With just over a month left in the trading year, and the S&P 500 on pace to experience its best week of the year, morbidly enough in the aftermath of the Paris bombings, hedge funds, traders, banks and everyone else are once again commiting the cardinal sin of investing and the reason why so many "marquee" hedge funds blew up together over the summer: herding, and rushing into the handful of trades that have worked recently, which work until the blow up spectacularly.
But then again, with year-end bonuses on the table, few will dare to move against the herd, and while another eventual hedge fund hotel implosion is again assured, for now the clustering is imminent.
So what are the consensus trades as we approach the year end? They also happen to be the year-end "pain trades" because in a year full of flash crashes, close calls, dramatic reversals and international risk flaring, the Fed's ability to maintain the illusion of the rigged market is highly suspect, and if any of these "groupthink" positions blows up, that's precisely what will follow. Pain.
Here they are courtesy of Bank of America's Michael Hartnett.
- US dollar sell-off: Nov’15 Global FMS shows “long dollar” most crowded trade; investors are unambiguously OW strong-$ plays (consumer, banks, Eurozone, Japan), UW weak-$ plays (EM, resources, commodities); positioning based on expectations of Fed hike, ECB cut, China deval; expect big profit-taking starting early Dec post-payroll.
- EM rally: China deval complicates rally but humiliated EM ripe for bounce as Fed hike expectations peak; EM debt fund outflows 23 out of past 26 weeks; EM equity fund outflows 16 out of past 19 weeks; YTD $86bn outflows from EM funds = worst year of redemptions since 2008 (Chart 2).

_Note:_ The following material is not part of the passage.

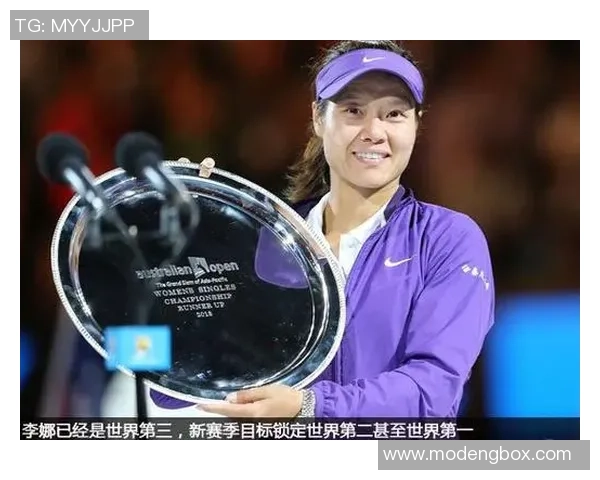 李娜在英雄联盟中的奋斗与荣耀之路深度对话揭秘 李娜在英雄联盟中的奋斗与荣耀之路深度对话揭秘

- Positioning less "bearish": BofAML B&B Index on upswing (@ 2.5 – Chart 1), retraced >60% of May-Aug collapse; should Fed hike coincide with weaker dollar = risk has potential to rally further; note risk rally is "narrow" and vulnerable to quick profit-taking in event-rich December: deteriorating RSP/SPY ratio (market breadth – Chart 3), deteriorating HYG/LQD ratio (risk appetite – Chart 4), US HY distress ratio (spreads >1000bps) on the rise.